The names are outside the vector or matrix data.  Vectors and matrices
store numbers, not strings.


On Thu, Aug 30, 2012 at 3:25 PM, Whitmore, Mattie <[email protected]>wrote:

> I was thinking that one column would be the name for each row -- like a
> "name column" for each vector in a matrix.  I probably mistyped somewhere
> in there :).  Would the algorithm implement better as if given a matrix?
> I'm thinking of work done on extending matrix multiplication to tensor
> multiplication I suppose. That is neither here nor there for this current
> project.
>
> Thanks for the guidance!
>
>
> -----Original Message-----
> From: Ted Dunning [mailto:[email protected]]

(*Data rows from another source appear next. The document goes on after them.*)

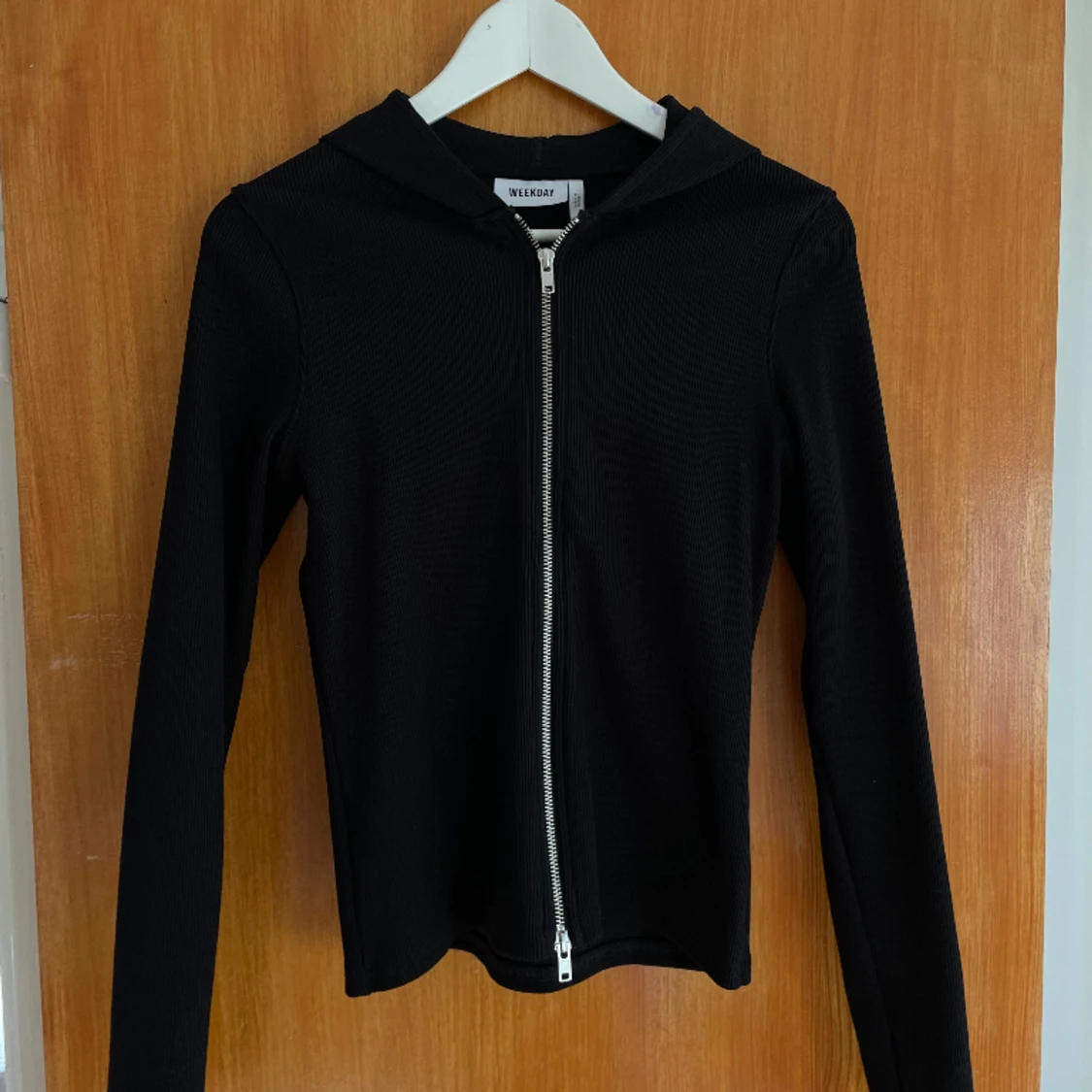 Tight huvtröja med zip WEEKDAY 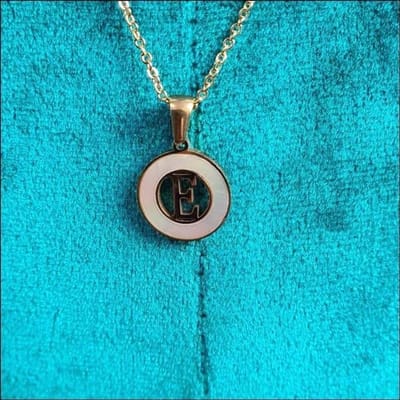 Aramat Jewels | Halskettingen | Initiaal Ketting Goudkleur met Schelp Inlay 45cm - Personaliseerbaar | F | |1,5mm | Staal | Volwassenen | Verkleurd niet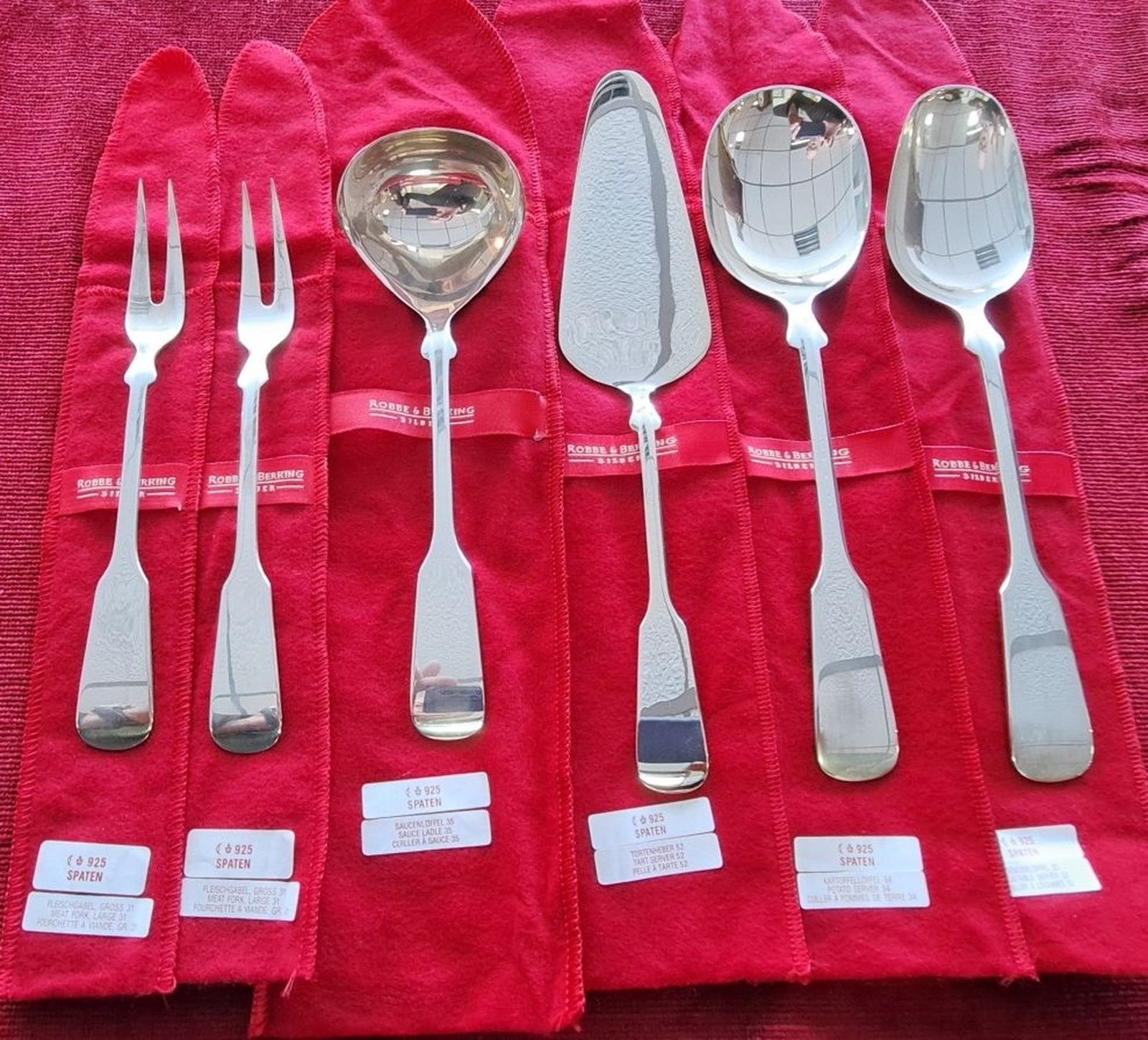 Detail d: Umfangreiches Tafelbesteck, Robbe & Berking, Silberbesteck, "Spaten", Sterlingsilber, 12 Menuemesser, 12 Menuegabeln, 12 Menülöffel, 12 ...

> Sent: Thursday, August 30, 2012 2:52 PM
> To: [email protected]
> Subject: Re: Mahout-279/kmeans++
>
> But columns aren't what I would expect you to want labeled.  I think that
> row labels might be nicer.  Happily, each named vector has a name for the
> entire vector as well.
>
> On Thu, Aug 30, 2012 at 2:48 PM, Ted Dunning <[email protected]>
> wrote:
>
> > The input to the BallKmeans is actually not a matrix.  It is an
> > Iterable<MatrixSlice>.  This can be a matrix since a matrix implements
> > this.
> >
> > So one way to deal with this is to build your own Iterable and put
> > NamedVectors into it.  NamedVector retain labels as you want.
> >
> >
> > On Thu, Aug 30, 2012 at 12:53 PM, Whitmore, Mattie <[email protected]
> >wrote:
> >
> >> I need to be using the matrices for BallKmeans.  Can matrices be named?

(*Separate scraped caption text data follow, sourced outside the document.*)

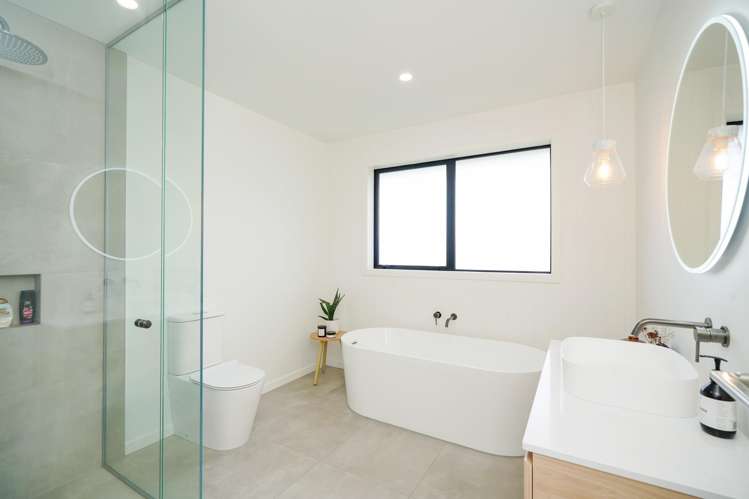 6 Chatham Rise Seaward Bush_27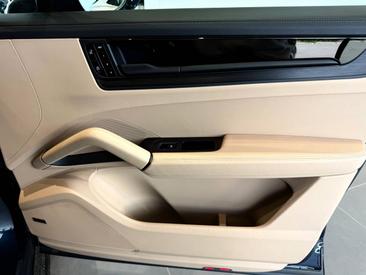 Porsche Cayenne III Black Edition — photo 27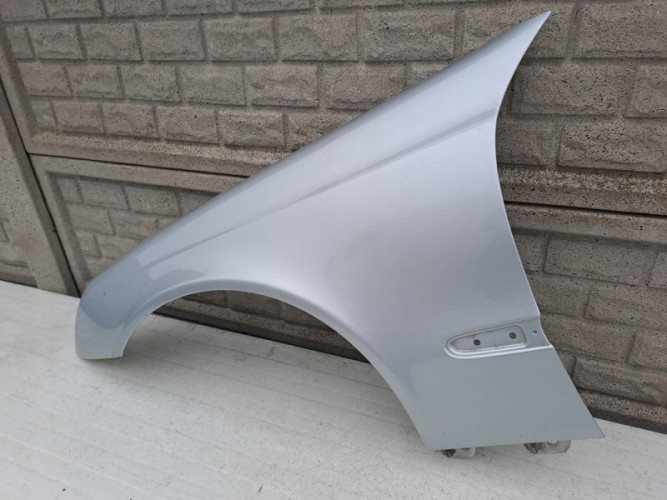 BŁOTNIK LEWY MERCEDES E KLASA W211 2002 - 2009 - (13012885192)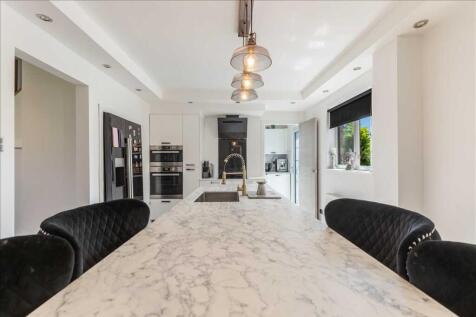 Breakfasting Kitchen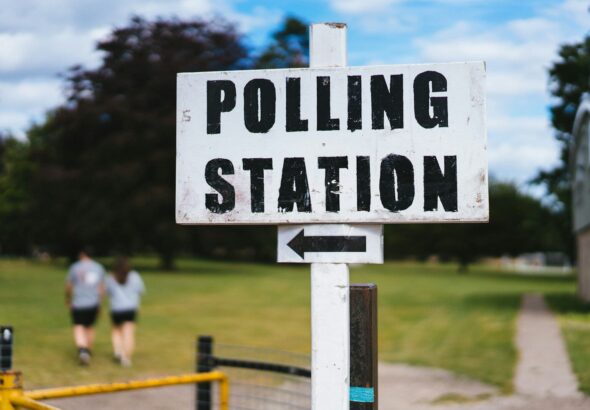 A pole with a sign that says polling station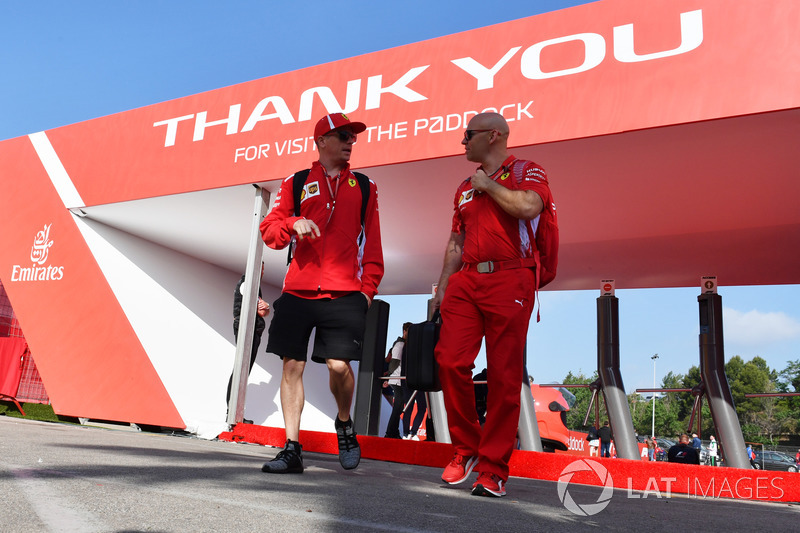 Kimi Raikkonen, Ferrari y su entrenador Mark Arnall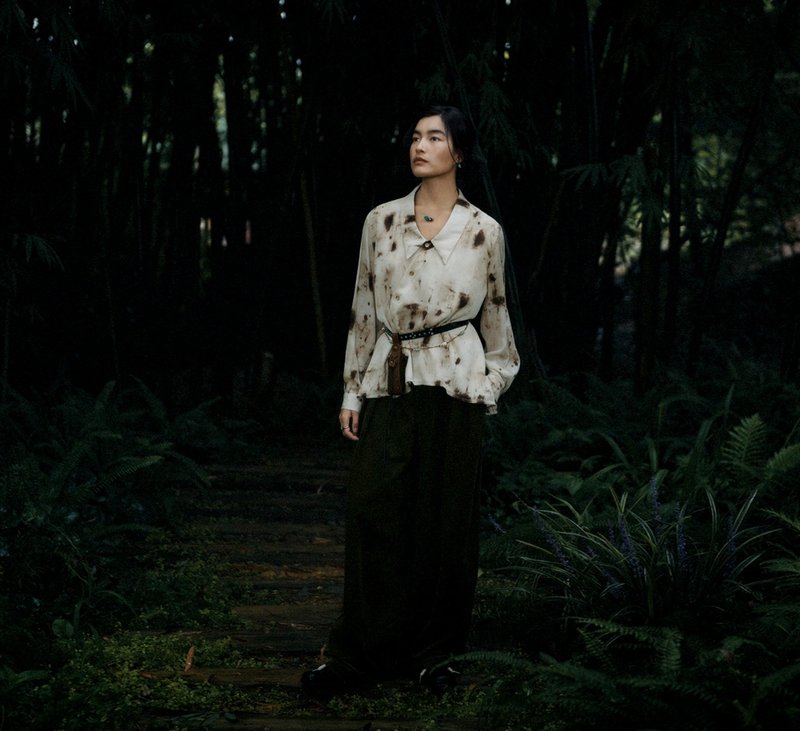 【幽谷】新中式复古藏风 写意墨痕衬衣 - 女装衬衫 - 其他材质 白色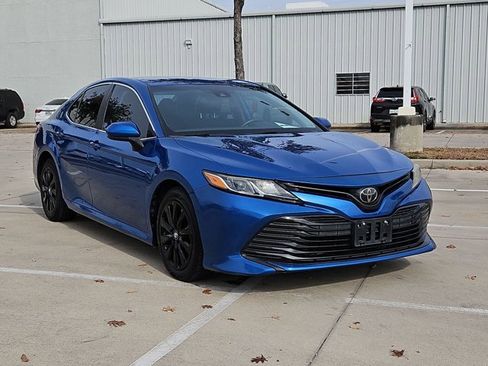 Used 2019 Toyota Camry LE image 3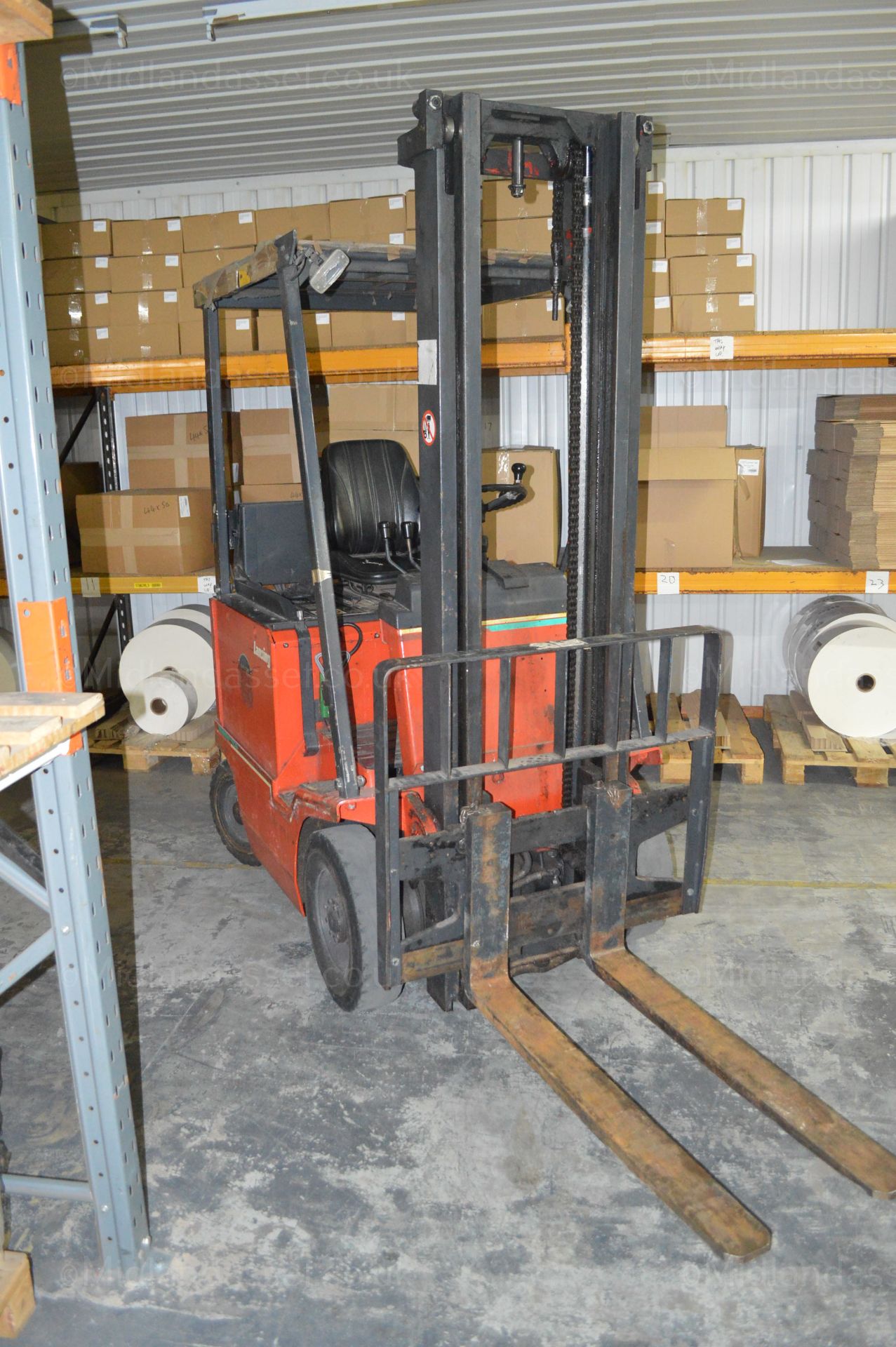 LANSING 1.4 TONNE ELECTRIC FORK TRUCK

> >> By this I mean can I assign a column of my matrix to be the "name" of
> each
> >> row?
> >>
> >> Thanks!
> >>
> >> -----Original Message-----
> >> From: Ted Dunning [mailto:[email protected]]

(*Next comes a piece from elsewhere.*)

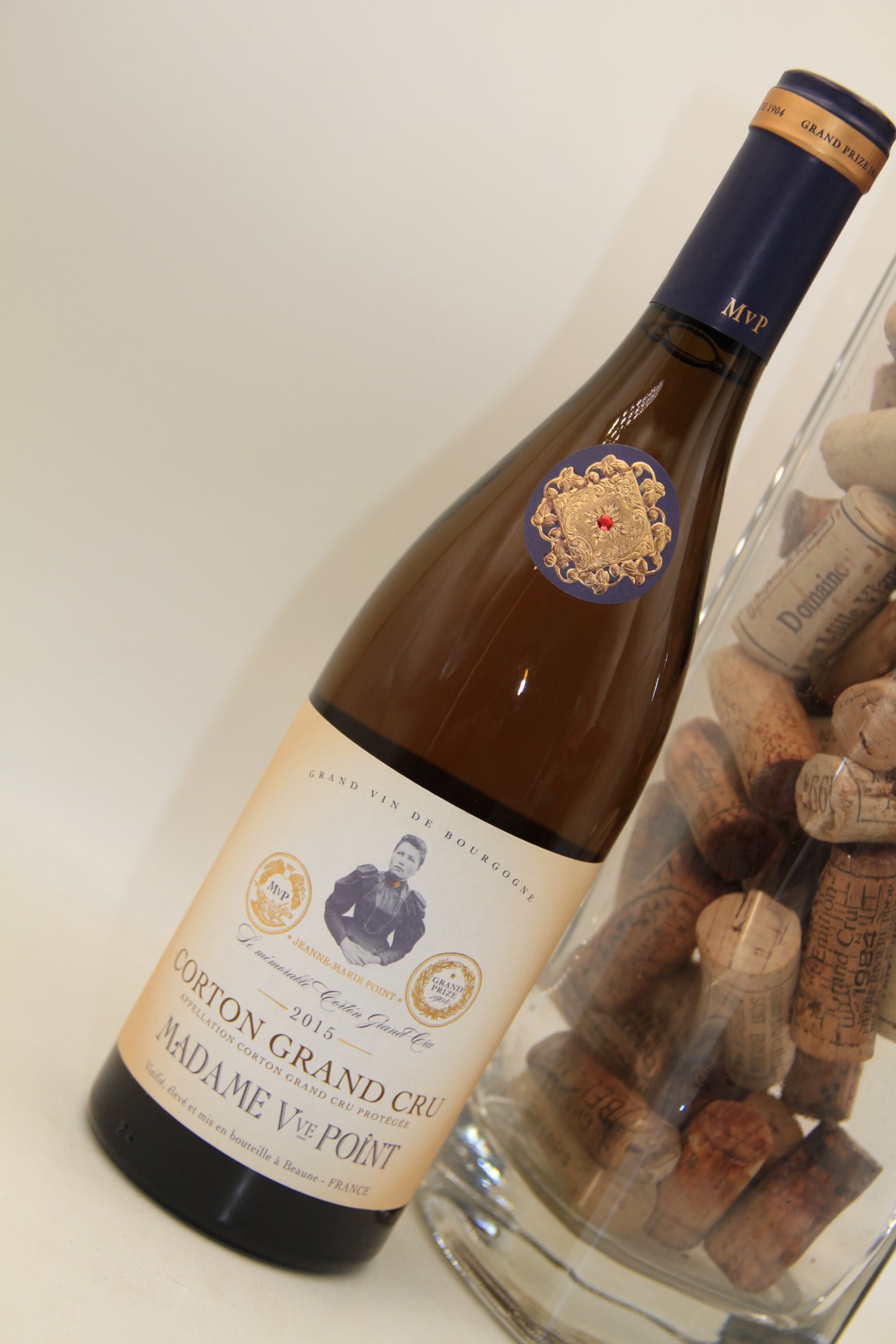 - Corton Grand Cru ** 2015 ** Madame Veuve Point - Eric-Dixvins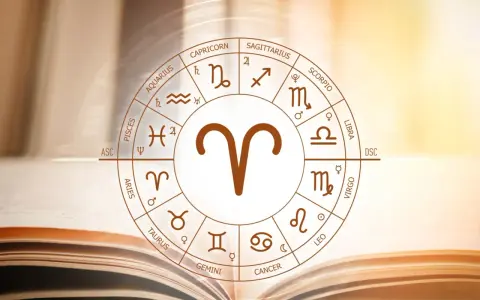 Koło zodiaku z symbolem Barana w centrum. 21.03 to początek tego znaku zodiaku.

> >> Sent: Wednesday, August 29, 2012 12:17 PM
> >> To: [email protected]
> >> Subject: Re: Mahout-279/kmeans++
> >>
> >> Yes.  The ball k-means implementation does use weights to indicate
> >> multiple
> >> vectors.
> >>
> >> The implementation is definitely ready to test.  I would be slightly
> >> surprised if it has absolutely zero issues, but your feedback on such
> >> issues would help them get fixed much sooner than others.
> >>
> >> On Wed, Aug 29, 2012 at 10:37 AM, Whitmore, Mattie <[email protected]
> >> >wrote:
> >>
> >> > I re-ran the canopy-kmeans analytic, this time with unique names, I
> lost
> >> > more points in the resulting clusters ( total points in the clusters =
> >> > 745490, vs previously: 1599154 for v0.7 and 45901885 for v0.5).  The
> >> total
> >> > number of data points fed into the algorithm is 53365862 -- so even
> >> v0.5 is
> >> > missing 14% of the data.
> >> >
> >> > I'm thinking if I weight these dense vectors with a weight equal to
> the
> >> > number of identical vectors in the set that could work -- Ball Kmeans
> >> seems
> >> > to do this.  Is this a correct interpretation of how to use weights in
> >> Ball
> >> > Kmeans, and is Ball Kmeans ready enough to be used/tested?
> >> >
> >> > Thanks
> >> >
> >> > -----Original Message-----
> >> > From: Paritosh Ranjan [mailto:[email protected]]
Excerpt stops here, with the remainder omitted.